There is a photo from 2011 showing Nick Foulkes and George Hamilton, two generally well dressed men, wearing cream suits and black shoes for a summer evening event in Antibes. As I believe most readers will agree, the trouble is that, while approprate for evening, black shoes simply do not complement cream suits very well. This was a problem crying for a solution.
There are several photographs of the late Duke of Windsor in southern Europe before the war wearing what Hilary Freeman of Edward Green told me were black calf and white buckskin spectator versions of the EG Buckingham. A handsome shoe, the Duke wore them regularly for a long time (two pair are visible in photos of his closet in the Bois de Boulogne home published after his death). The challenge of course is that EG, like other ready to wear shoemakers, is unable to procure buckskin any longer and the low nap of reversed goat or conventional suede is considerably less interesting. Enter G. J. Cleverley.
One of the dangerous things (the other is the single malt) about any meeting with Cleverley's two Glasgow's, senior and junior, is that anyything shoe-related is too easy. "Do you still have any white buckskin?" "Yes, we do." "Can you make a black calf and white buck pair of spectator slipons like your Forte model witout a cutout on the band?" "Of course." And some months later the thing is done.
The Duke's summer shoes will debut once the weather lends itself to cream summer suits.






5 comments:
They gave you nicer shoeboxes than I got. If you ask for stag suede, I can promise the conversation gets a lot more difficult.

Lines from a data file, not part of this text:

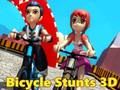 Игра Акробации за велосипеди 3D  онлајн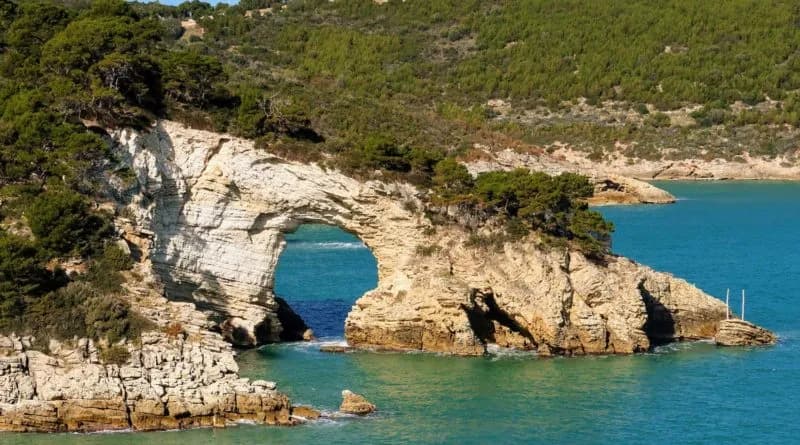 Półwysep Gargano - kompletny spis najlepszych miejsc na wakacje 2025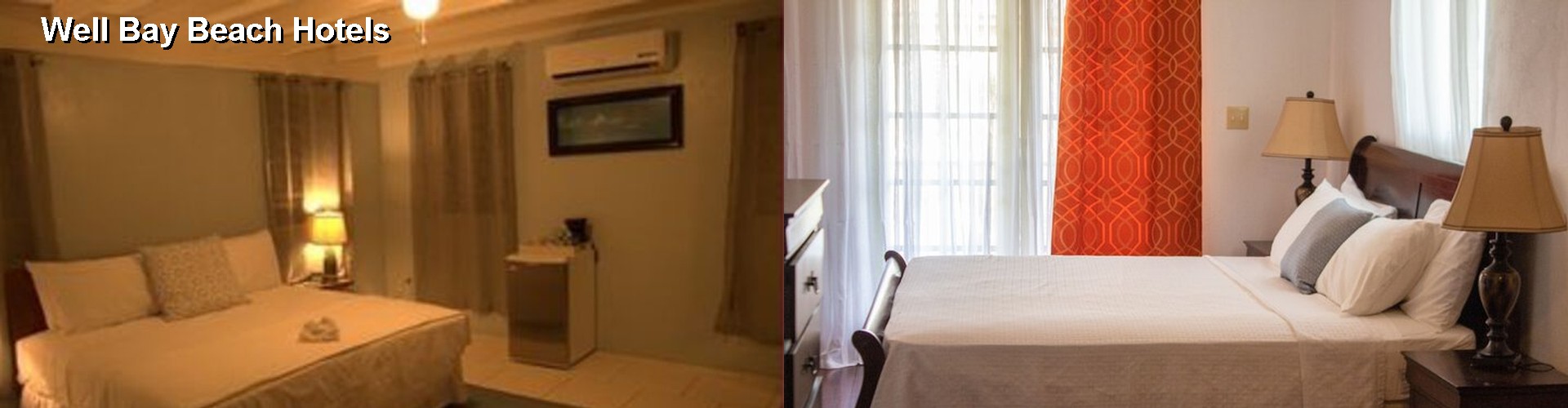 5 Best Hotels near Well Bay Beach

Drinking Scotch while ordering shoes looks like a recipe for bankruptcy.
May I ask why buckskin is so difficult to come by? My guess is that there are hundreds of hunters in the upper Midwest who would happily provide the supply side of this equation.
Austin,
Buckskin comes from a South African antelope of some kind.
The stitch on the right front shoe is imperfect. Is that part of the beauty of bespoke, a kind of "bespoke sprezzatura"?